── Supplied data ──

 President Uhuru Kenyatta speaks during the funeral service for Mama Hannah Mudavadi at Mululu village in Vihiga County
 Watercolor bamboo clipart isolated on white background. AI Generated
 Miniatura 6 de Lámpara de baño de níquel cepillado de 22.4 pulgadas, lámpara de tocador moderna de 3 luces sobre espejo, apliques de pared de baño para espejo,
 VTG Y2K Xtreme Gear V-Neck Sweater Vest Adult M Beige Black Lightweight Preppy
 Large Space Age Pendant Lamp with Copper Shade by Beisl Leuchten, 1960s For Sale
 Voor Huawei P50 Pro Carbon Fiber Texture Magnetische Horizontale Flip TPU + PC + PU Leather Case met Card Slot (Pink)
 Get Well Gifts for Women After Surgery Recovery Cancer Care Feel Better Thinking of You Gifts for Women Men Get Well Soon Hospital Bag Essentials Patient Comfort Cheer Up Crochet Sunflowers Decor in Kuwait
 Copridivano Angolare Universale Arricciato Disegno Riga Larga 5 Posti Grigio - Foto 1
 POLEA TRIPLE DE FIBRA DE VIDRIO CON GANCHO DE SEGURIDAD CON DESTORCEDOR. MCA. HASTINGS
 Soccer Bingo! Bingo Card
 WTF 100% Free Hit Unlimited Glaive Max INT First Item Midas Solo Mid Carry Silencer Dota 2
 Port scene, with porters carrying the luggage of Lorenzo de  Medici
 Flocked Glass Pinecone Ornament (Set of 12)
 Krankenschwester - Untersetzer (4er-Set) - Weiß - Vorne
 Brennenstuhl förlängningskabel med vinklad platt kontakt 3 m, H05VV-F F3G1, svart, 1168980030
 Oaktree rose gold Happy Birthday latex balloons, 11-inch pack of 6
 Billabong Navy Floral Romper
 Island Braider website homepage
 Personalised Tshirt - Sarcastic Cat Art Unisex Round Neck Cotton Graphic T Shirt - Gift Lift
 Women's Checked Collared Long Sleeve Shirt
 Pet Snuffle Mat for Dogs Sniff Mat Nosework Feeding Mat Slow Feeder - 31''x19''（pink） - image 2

───

▸ **Your instructions**:
From the first line of the material above down to the line with "Krankenschwester - Untersetzer", output each line exactly; include both of those lines and add no others.

▸ **Answer space**:
 President Uhuru Kenyatta speaks during the funeral service for Mama Hannah Mudavadi at Mululu village in Vihiga County
 Watercolor bamboo clipart isolated on white background. AI Generated
 Miniatura 6 de Lámpara de baño de níquel cepillado de 22.4 pulgadas, lámpara de tocador moderna de 3 luces sobre espejo, apliques de pared de baño para espejo,
 VTG Y2K Xtreme Gear V-Neck Sweater Vest Adult M Beige Black Lightweight Preppy
 Large Space Age Pendant Lamp with Copper Shade by Beisl Leuchten, 1960s For Sale
 Voor Huawei P50 Pro Carbon Fiber Texture Magnetische Horizontale Flip TPU + PC + PU Leather Case met Card Slot (Pink)
 Get Well Gifts for Women After Surgery Recovery Cancer Care Feel Better Thinking of You Gifts for Women Men Get Well Soon Hospital Bag Essentials Patient Comfort Cheer Up Crochet Sunflowers Decor in Kuwait
 Copridivano Angolare Universale Arricciato Disegno Riga Larga 5 Posti Grigio - Foto 1
 POLEA TRIPLE DE FIBRA DE VIDRIO CON GANCHO DE SEGURIDAD CON DESTORCEDOR. MCA. HASTINGS
 Soccer Bingo! Bingo Card
 WTF 100% Free Hit Unlimited Glaive Max INT First Item Midas Solo Mid Carry Silencer Dota 2
 Port scene, with porters carrying the luggage of Lorenzo de  Medici
 Flocked Glass Pinecone Ornament (Set of 12)
 Krankenschwester - Untersetzer (4er-Set) - Weiß - Vorne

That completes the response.